== TASK TO CARRY OUT ==
Would you output the entries below only from the line containing "Er wordt een contract ondertekend" through the line containing "14 giờ 30 cửa", exactly as they stand and with both ends included?

== Short text fragments from websites ==
★ ★ ★ ★ ★

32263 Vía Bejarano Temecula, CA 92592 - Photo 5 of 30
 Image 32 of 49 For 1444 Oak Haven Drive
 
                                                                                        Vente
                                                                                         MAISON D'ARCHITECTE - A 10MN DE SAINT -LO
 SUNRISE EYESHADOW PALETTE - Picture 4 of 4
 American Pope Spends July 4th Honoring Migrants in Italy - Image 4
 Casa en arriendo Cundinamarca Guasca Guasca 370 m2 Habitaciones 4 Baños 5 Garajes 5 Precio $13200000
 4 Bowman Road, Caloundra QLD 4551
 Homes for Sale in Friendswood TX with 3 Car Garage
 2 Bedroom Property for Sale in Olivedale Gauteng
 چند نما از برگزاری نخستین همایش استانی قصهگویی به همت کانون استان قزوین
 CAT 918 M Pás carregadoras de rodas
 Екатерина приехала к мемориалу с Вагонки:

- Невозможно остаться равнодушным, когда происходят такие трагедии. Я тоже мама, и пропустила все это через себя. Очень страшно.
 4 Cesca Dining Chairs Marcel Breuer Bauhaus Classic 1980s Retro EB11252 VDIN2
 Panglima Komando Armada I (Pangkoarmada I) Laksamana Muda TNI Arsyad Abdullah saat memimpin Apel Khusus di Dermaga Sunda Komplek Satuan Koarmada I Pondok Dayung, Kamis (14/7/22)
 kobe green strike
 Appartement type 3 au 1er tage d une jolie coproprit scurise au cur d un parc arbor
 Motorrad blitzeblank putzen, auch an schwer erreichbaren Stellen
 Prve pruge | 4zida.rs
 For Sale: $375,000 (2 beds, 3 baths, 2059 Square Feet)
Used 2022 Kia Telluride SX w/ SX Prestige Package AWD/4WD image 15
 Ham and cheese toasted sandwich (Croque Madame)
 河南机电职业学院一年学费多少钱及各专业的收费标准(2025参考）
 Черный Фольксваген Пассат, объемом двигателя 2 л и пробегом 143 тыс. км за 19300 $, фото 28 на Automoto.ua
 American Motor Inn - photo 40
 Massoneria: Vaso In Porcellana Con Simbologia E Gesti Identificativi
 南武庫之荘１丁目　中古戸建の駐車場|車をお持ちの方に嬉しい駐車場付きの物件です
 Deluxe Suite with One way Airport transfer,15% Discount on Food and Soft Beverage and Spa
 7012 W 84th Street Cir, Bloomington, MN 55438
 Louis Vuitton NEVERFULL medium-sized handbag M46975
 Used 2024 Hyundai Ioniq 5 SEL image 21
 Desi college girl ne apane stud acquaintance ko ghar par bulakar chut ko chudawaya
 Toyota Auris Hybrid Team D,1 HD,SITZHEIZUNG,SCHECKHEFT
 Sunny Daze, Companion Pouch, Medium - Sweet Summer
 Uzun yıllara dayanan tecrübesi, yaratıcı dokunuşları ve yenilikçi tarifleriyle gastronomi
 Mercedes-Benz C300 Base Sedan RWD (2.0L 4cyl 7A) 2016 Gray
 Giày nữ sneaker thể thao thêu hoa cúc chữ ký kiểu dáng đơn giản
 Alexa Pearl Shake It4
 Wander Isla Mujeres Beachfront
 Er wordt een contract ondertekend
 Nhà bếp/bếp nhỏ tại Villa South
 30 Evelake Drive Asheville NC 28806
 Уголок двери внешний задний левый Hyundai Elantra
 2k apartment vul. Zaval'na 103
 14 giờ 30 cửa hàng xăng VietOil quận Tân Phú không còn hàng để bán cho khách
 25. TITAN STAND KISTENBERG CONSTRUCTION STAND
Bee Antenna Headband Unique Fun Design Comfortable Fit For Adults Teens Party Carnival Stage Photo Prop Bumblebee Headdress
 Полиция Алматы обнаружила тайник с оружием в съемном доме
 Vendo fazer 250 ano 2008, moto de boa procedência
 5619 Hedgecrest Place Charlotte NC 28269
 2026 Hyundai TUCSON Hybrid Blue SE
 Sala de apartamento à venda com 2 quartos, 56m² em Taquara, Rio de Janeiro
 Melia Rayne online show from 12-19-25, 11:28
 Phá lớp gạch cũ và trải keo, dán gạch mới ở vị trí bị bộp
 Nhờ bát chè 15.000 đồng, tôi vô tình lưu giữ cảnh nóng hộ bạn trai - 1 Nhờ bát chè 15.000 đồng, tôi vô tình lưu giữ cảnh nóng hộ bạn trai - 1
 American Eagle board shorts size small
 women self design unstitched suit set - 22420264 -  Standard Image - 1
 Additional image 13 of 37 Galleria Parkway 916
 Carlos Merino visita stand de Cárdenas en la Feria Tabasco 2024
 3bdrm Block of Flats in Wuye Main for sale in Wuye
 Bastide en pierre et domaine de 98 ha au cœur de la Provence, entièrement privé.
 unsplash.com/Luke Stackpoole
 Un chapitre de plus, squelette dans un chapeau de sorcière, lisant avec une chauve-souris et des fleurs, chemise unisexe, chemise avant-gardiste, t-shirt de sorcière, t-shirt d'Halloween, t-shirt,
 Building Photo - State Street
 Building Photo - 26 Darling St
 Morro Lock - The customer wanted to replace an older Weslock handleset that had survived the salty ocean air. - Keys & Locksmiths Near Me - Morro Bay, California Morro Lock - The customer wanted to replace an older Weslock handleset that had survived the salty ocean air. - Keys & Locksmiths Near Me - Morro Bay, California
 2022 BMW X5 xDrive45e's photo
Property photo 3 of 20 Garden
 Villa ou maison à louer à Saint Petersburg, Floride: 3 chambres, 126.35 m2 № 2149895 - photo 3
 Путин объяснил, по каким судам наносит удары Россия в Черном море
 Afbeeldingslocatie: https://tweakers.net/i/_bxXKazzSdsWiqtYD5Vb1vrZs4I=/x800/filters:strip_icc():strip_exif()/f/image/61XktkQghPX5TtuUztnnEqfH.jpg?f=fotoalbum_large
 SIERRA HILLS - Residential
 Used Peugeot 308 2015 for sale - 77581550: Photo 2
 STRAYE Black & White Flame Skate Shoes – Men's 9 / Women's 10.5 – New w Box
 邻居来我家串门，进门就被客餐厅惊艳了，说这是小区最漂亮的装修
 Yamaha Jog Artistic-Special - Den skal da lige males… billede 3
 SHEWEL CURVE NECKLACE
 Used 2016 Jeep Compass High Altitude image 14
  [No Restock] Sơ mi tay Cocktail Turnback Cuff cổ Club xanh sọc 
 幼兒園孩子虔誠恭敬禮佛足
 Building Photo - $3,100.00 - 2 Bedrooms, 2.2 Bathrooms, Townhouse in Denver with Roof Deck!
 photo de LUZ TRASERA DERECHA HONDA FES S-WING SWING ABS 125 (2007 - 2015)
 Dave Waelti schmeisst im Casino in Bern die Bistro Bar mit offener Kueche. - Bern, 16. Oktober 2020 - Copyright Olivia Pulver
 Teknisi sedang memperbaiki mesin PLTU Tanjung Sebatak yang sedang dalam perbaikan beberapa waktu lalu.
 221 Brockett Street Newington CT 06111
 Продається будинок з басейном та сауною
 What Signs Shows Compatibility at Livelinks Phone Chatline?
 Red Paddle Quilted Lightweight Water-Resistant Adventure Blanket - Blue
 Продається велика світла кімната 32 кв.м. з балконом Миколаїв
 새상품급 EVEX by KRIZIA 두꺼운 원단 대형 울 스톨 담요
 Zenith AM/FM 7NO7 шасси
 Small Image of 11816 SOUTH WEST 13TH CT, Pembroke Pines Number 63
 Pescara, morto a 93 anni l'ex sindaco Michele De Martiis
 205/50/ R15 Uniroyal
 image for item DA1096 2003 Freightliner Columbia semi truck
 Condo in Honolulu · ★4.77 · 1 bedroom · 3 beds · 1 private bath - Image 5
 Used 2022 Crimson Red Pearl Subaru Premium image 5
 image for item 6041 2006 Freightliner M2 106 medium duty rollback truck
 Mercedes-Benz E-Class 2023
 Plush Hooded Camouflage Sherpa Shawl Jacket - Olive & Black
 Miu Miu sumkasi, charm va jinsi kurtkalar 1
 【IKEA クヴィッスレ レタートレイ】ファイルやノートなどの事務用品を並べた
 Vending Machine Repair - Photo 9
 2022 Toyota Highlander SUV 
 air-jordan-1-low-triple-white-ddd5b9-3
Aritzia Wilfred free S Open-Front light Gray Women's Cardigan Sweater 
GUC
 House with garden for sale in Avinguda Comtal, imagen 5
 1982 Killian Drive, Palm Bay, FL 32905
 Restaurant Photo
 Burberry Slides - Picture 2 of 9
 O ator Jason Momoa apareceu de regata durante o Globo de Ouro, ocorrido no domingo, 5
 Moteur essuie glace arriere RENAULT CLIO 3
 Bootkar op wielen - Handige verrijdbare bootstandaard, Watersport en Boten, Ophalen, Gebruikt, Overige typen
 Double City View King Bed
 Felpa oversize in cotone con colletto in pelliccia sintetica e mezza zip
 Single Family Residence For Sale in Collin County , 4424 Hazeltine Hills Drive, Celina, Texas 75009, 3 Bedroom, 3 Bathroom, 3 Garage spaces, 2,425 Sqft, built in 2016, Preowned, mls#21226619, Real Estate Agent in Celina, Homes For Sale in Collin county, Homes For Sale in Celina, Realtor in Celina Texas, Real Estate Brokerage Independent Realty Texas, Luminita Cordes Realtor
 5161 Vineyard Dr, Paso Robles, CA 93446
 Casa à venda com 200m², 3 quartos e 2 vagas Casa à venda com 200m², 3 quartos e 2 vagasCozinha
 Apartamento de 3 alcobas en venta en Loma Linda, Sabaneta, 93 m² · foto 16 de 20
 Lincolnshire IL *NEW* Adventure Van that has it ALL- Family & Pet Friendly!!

★ ★ ★ ★ ★

== ANSWER SECTION ==
 Er wordt een contract ondertekend
 Nhà bếp/bếp nhỏ tại Villa South
 30 Evelake Drive Asheville NC 28806
 Уголок двери внешний задний левый Hyundai Elantra
 2k apartment vul. Zaval'na 103
 14 giờ 30 cửa hàng xăng VietOil quận Tân Phú không còn hàng để bán cho khách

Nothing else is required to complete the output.